Lebih jauh, Uchok mengungkapkan bahwa berdasarkan laporan keuangan Pemerintah Pusat Tahun 2024 yang telah diaudit Badan Pemeriksa Keuangan (BPK), PNBP SDA justru mengalami penurunan dibanding tahun sebelumnya.
Pada 2024, PNBP SDA tercatat sebesar Rp256,6 triliun, sementara pada 2023 mencapai Rp280,2 triliun.
“Artinya, dari 2023 ke 2024 terjadi kemerosotan pendapatan PNBP sebesar Rp23,6 triliun atau setara 8,44 persen. Ini penurunan yang mengkhawatirkan,” ujar Uchok Sky.

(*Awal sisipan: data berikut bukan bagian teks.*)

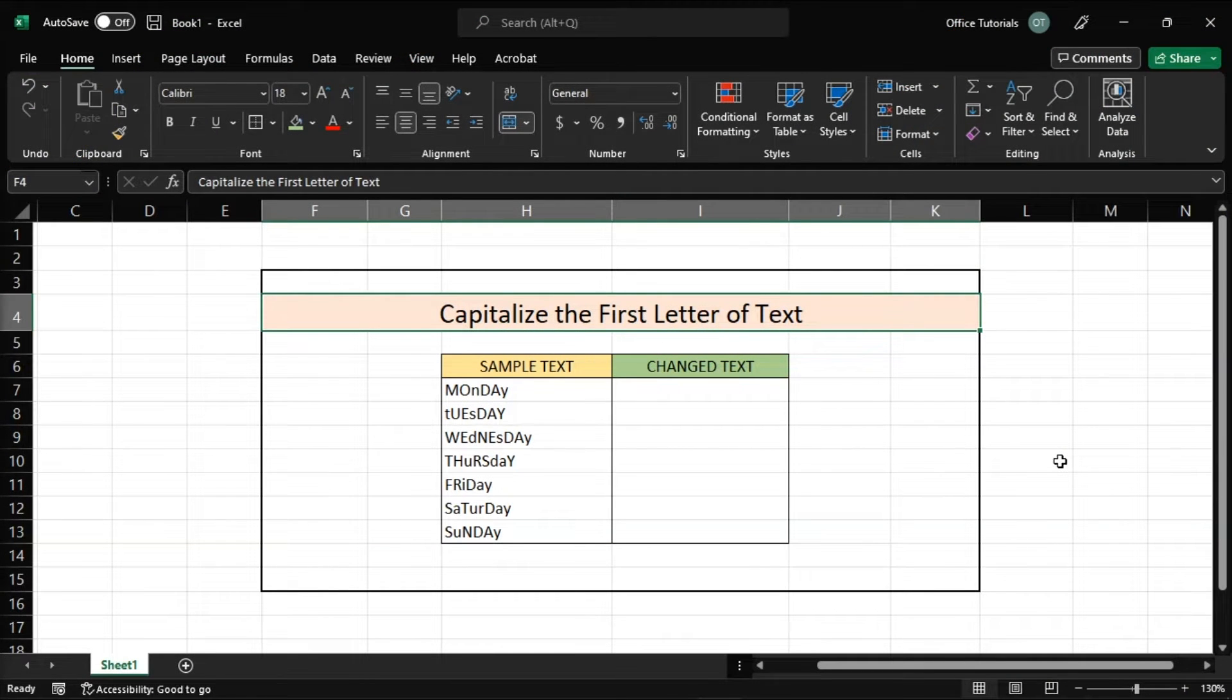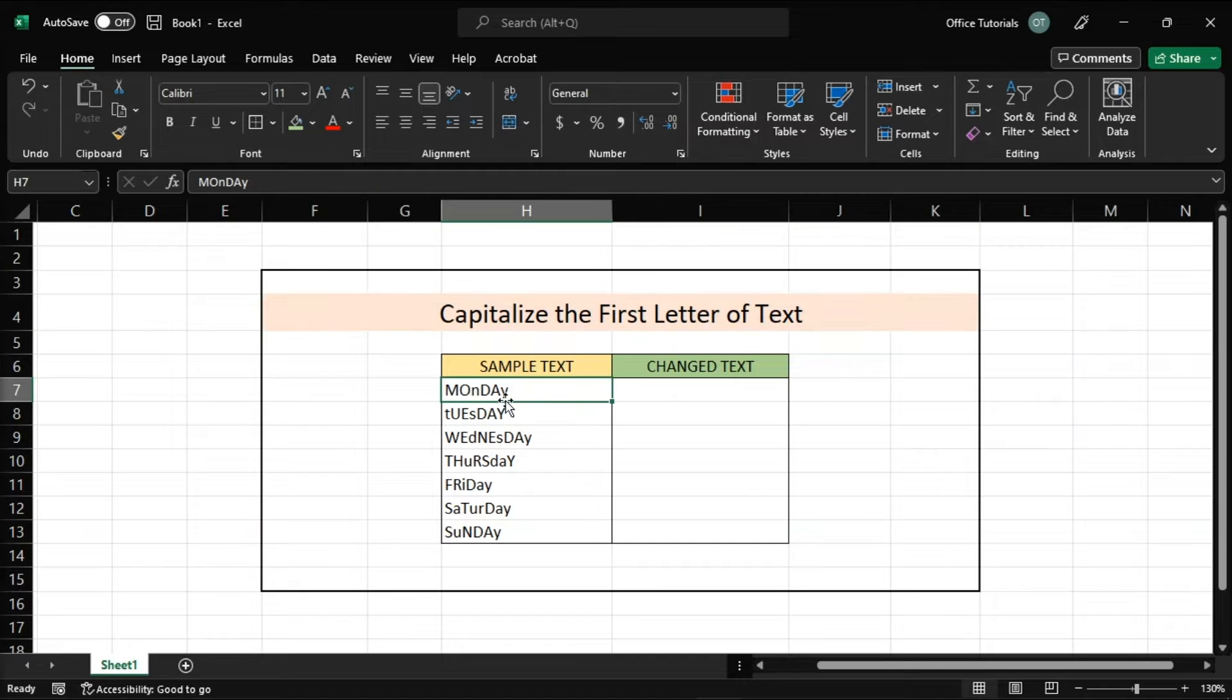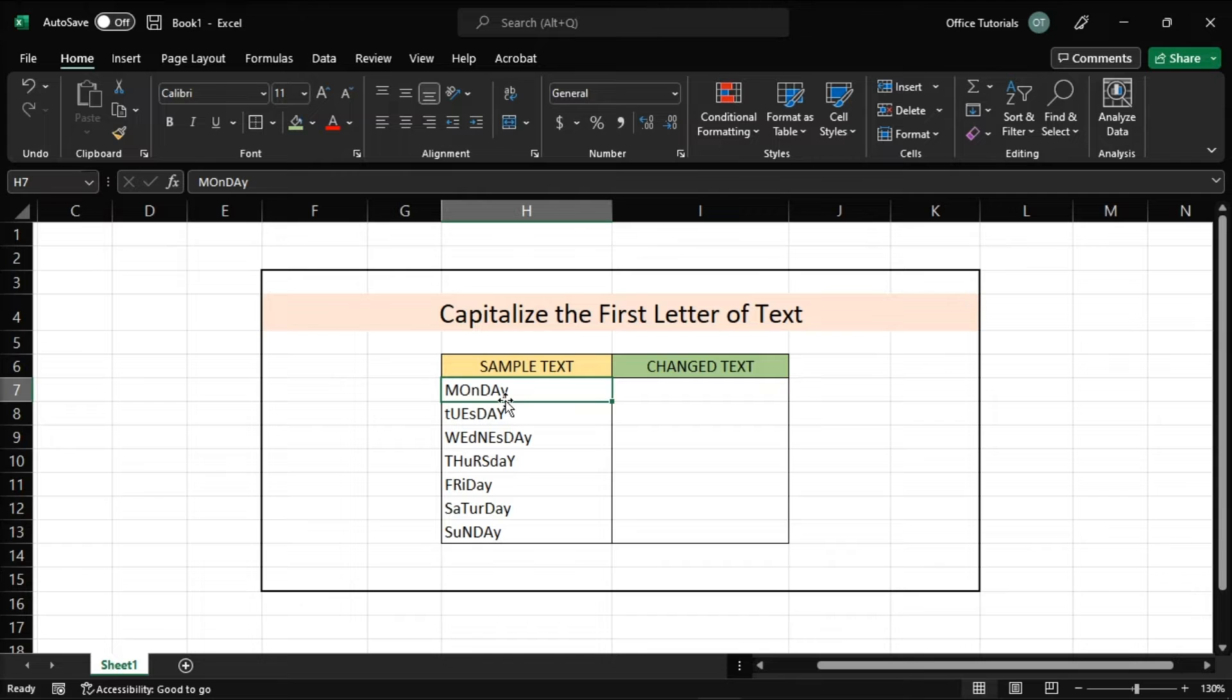In using Microsoft Excel, the program includes a feature that can capitalize the first letter of text automatically. For example, if you have typed a word that looks something like this, you can fix this by just following these steps in this video tutorial.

Atas dasar itu, CBA memperingatkan bahwa jika pada 2025 PNBP kembali gagal mencapai target, Presiden Prabowo Subianto diminta untuk segera mencopot Bahlil Lahadalia dari jabatan Menteri ESDM.
“Karena kata-kata Bahlil selalu mengumbar kebohongan di depan publik dan melukai hati rakyat,” tegas Uchok.
Ia menambahkan, pernyataan seorang menteri seharusnya menjadi bukti dan penyejuk bagi masyarakat, bukan candaan, kebohongan, janji palsu, atau sekadar menyenangkan hati Presiden.
“Kata-kata menteri bukan lelucon. Harus bisa dipertanggungjawabkan,” pungkas Uchok Sky.